Task item:
Starting at the line that contains "2019 Luxury Brand", repeat each line of the listing below through the last one, exactly, and leave out every picture.
Study material section start
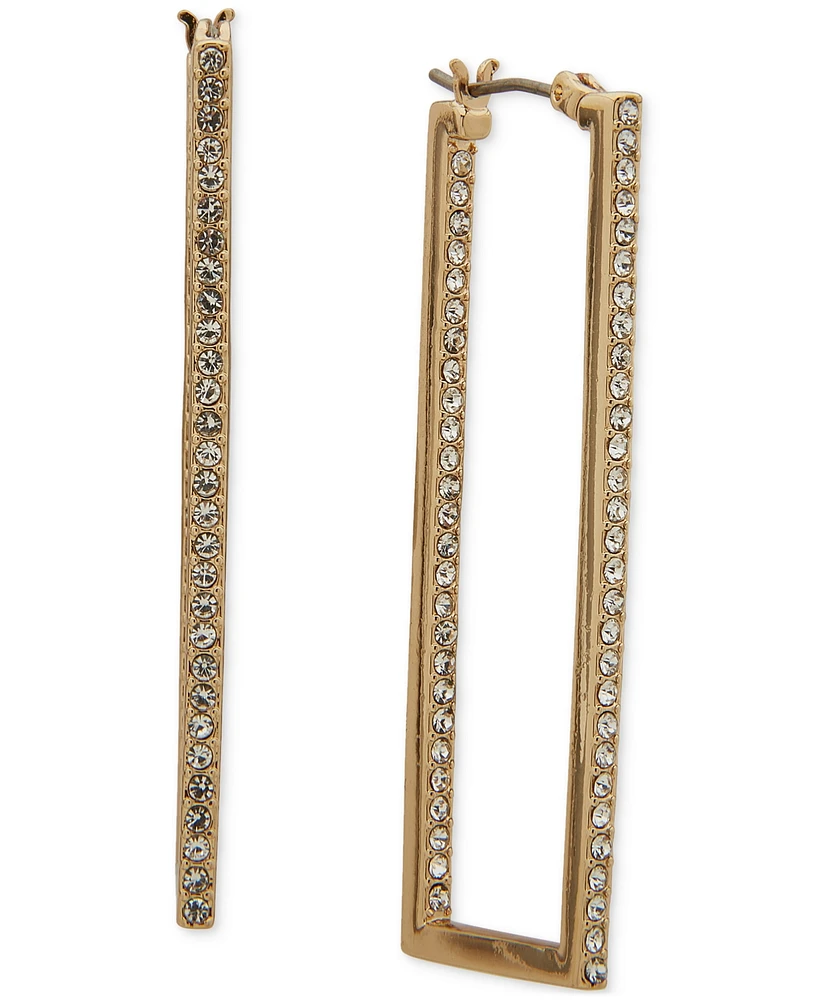 Karl Lagerfeld Paris Crystal Rectangular Medium Hoop Earrings, 1.81"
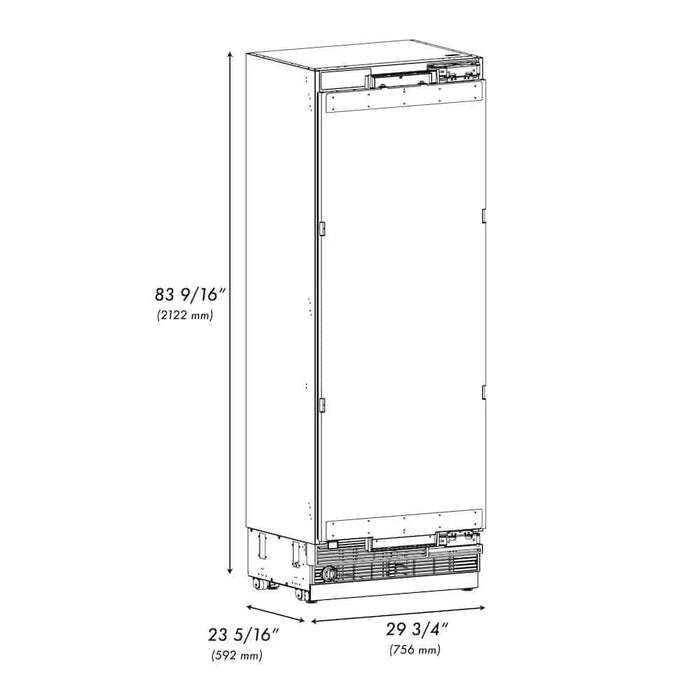 ZLINE 30" Panel Ready Column Refrigerator, Graphite Gray Interior Matte Black RBCRVZ-30-MB09K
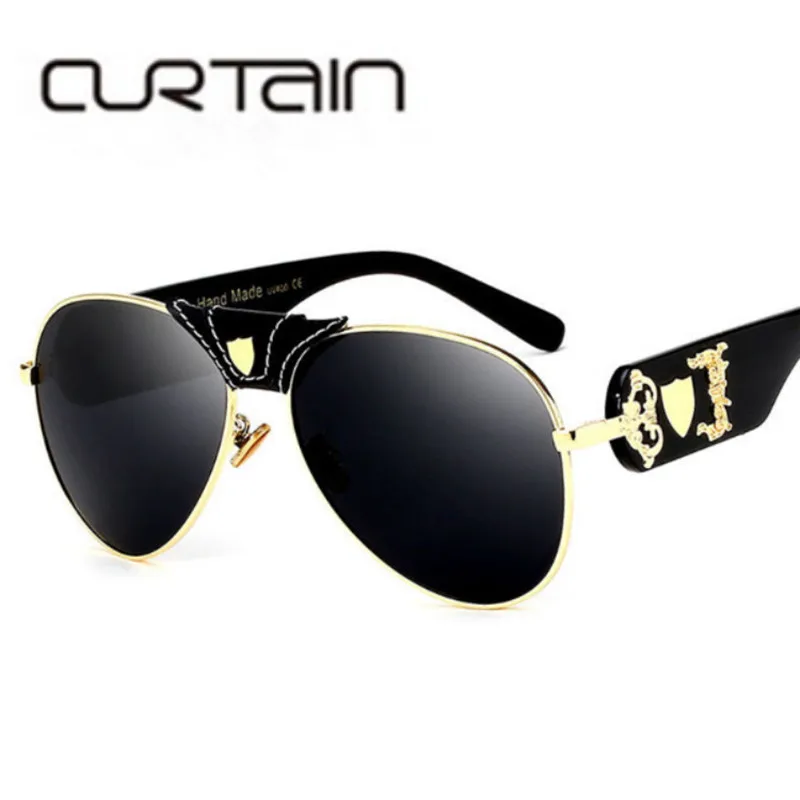 

2019 Luxury Brand Designer Women Mirror Sun glasses New Fashion Sunglasses Metal Leather Decoration Frame Men UV400 Shades OEM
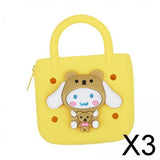 Maxbell 3xBeach Hole Bag Casual Trendy Silicone Beach Tote for Party Shopping Holidays Yellow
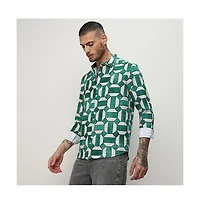 Men's Emerald Green & Ivory White Contrast Block Shirt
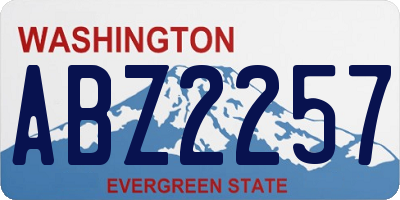 WA license plate ABZ2257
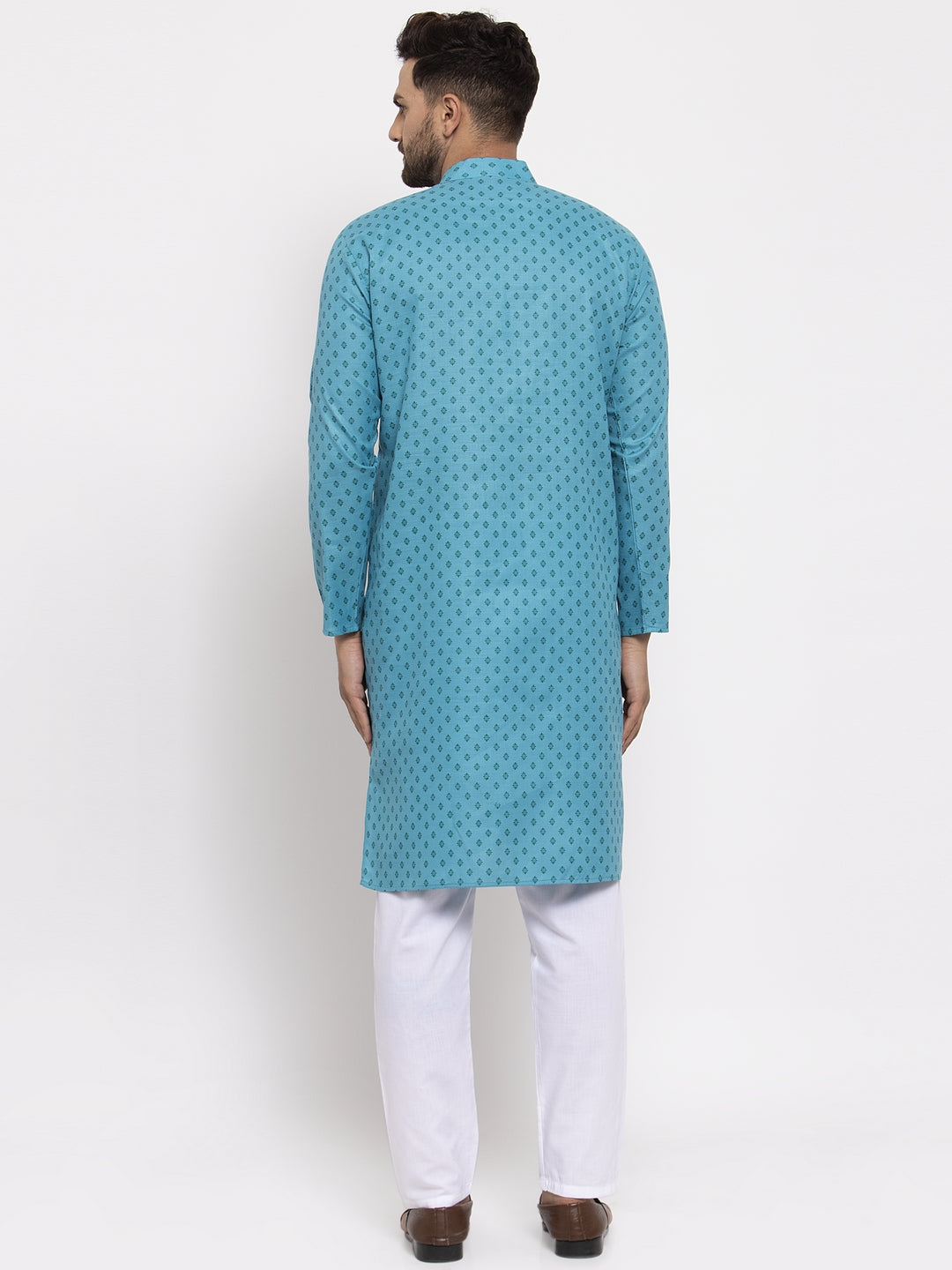 Jompers Men Sky Blue Printed Kurta with Pyjamas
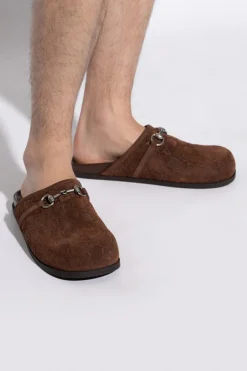Gucci BROWN Suede slides
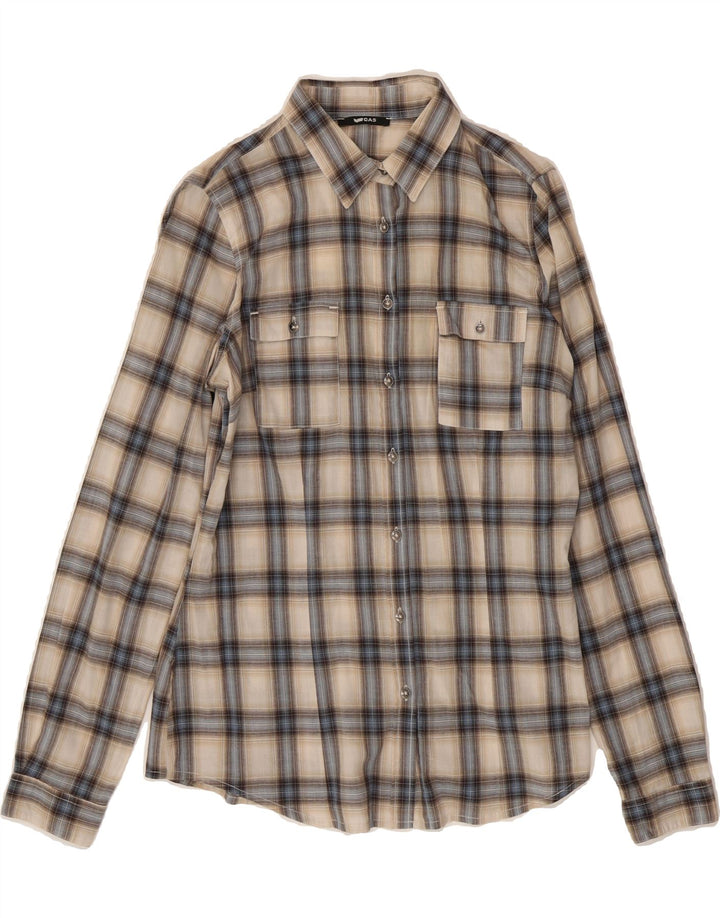 GAS Womens Flannel Shirt UK 14 Medium Beige Check Cotton Vintage Gas and Second-Hand Gas from Messina Hembry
Study material section end
Result below:
2019 Luxury Brand Designer Women Mirror Sun glasses New Fashion Sunglasses Metal Leather Decoration Frame Men UV400 Shades OEM
 Maxbell 3xBeach Hole Bag Casual Trendy Silicone Beach Tote for Party Shopping Holidays Yellow
 Men's Emerald Green & Ivory White Contrast Block Shirt
 WA license plate ABZ2257
 Jompers Men Sky Blue Printed Kurta with Pyjamas
Gucci BROWN Suede slides
 GAS Womens Flannel Shirt UK 14 Medium Beige Check Cotton Vintage Gas and Second-Hand Gas from Messina Hembry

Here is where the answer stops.